═══ SUPPLIED INFORMATION ═══

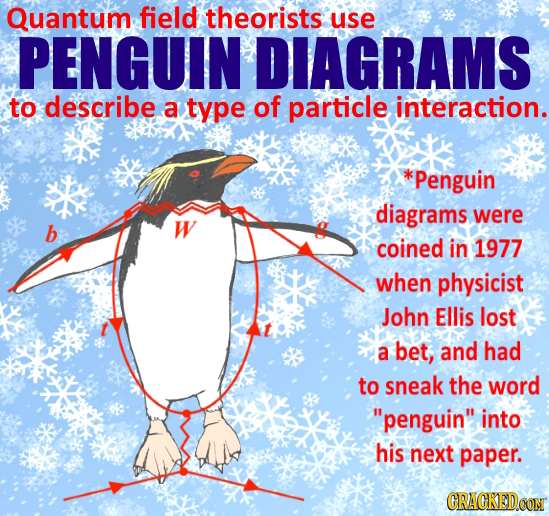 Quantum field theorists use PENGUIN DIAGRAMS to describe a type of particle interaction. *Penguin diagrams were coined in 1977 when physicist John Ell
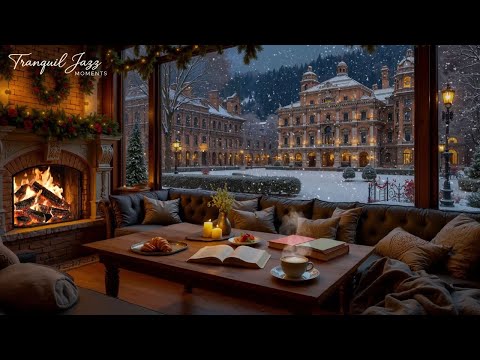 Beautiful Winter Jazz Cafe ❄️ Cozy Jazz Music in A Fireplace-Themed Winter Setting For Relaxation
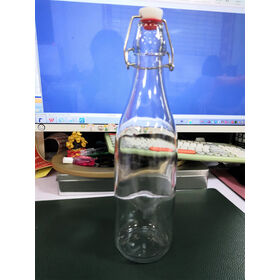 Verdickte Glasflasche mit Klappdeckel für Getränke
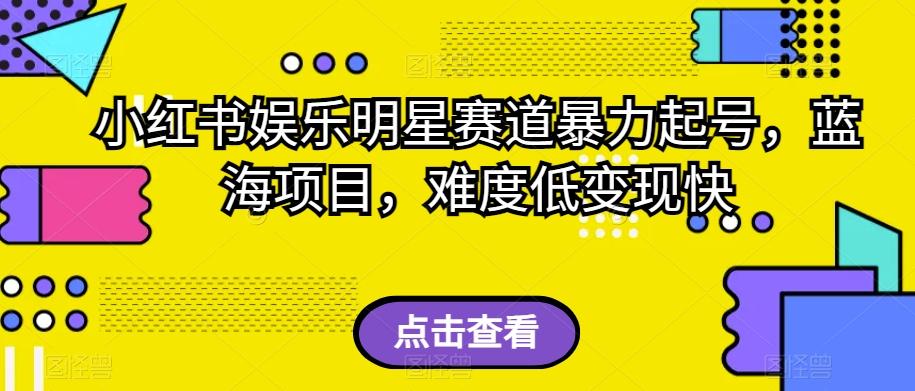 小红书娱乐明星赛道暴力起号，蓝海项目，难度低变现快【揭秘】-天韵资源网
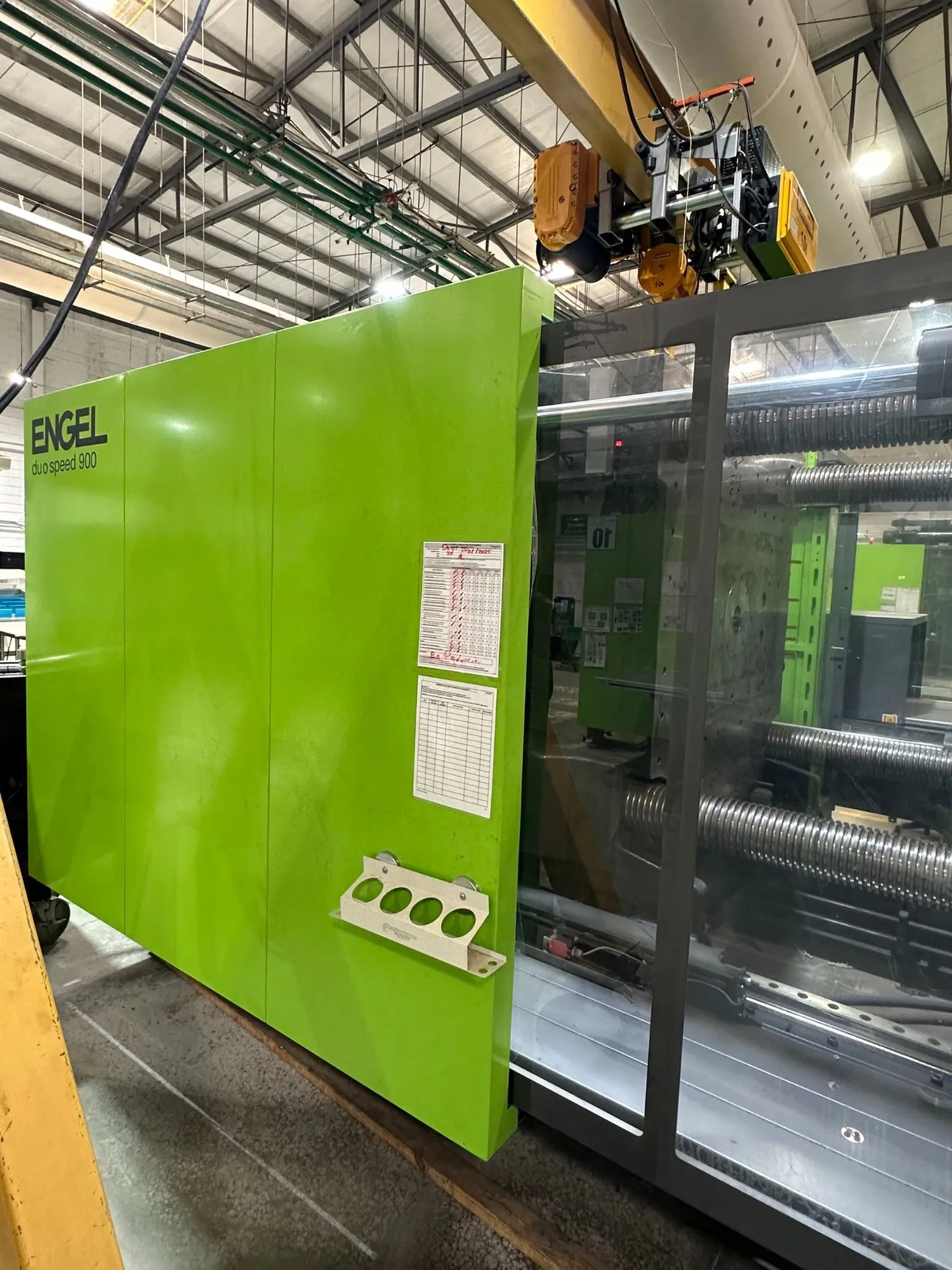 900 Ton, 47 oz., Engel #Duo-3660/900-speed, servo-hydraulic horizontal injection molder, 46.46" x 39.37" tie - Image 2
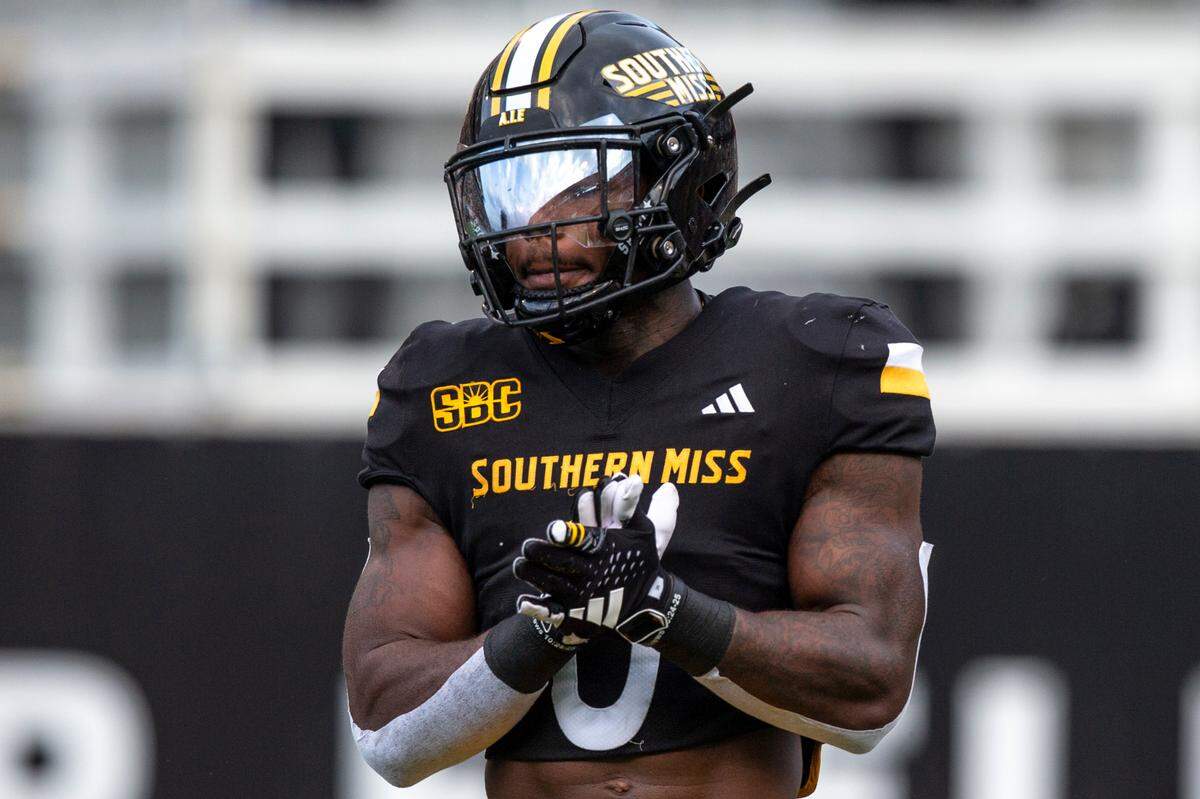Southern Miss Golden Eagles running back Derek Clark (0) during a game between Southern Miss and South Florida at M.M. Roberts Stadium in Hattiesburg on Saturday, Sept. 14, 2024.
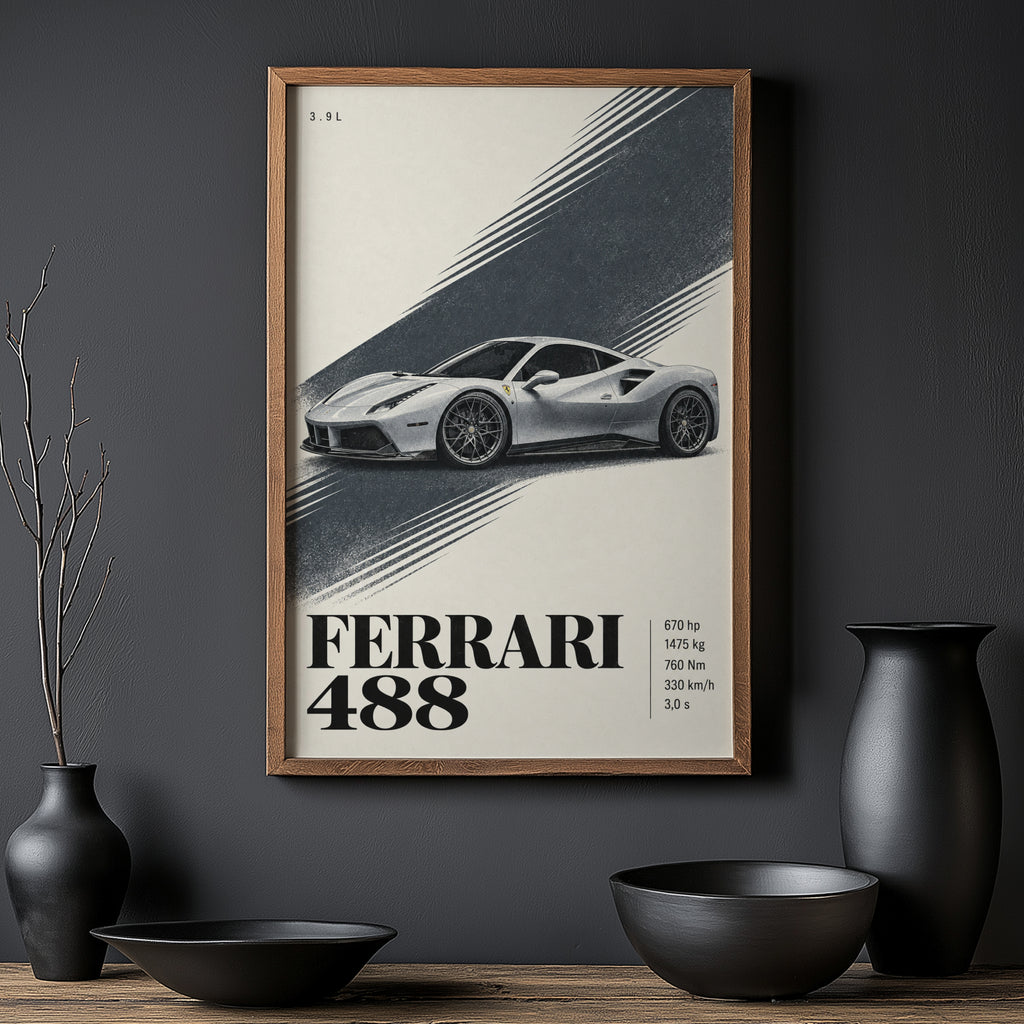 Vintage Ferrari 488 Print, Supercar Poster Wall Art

═══

**YOUR OBJECTIVE:**
Each line above should be set down exactly as written, with pictures excluded.

**RESULT OF THIS TASK:**
 Quantum field theorists use PENGUIN DIAGRAMS to describe a type of particle interaction. *Penguin diagrams were coined in 1977 when physicist John Ell
 Beautiful Winter Jazz Cafe ❄️ Cozy Jazz Music in A Fireplace-Themed Winter Setting For Relaxation
 Verdickte Glasflasche mit Klappdeckel für Getränke
 小红书娱乐明星赛道暴力起号，蓝海项目，难度低变现快【揭秘】-天韵资源网
 900 Ton, 47 oz., Engel #Duo-3660/900-speed, servo-hydraulic horizontal injection molder, 46.46" x 39.37" tie - Image 2
Southern Miss Golden Eagles running back Derek Clark (0) during a game between Southern Miss and South Florida at M.M. Roberts Stadium in Hattiesburg on Saturday, Sept. 14, 2024.
 Vintage Ferrari 488 Print, Supercar Poster Wall Art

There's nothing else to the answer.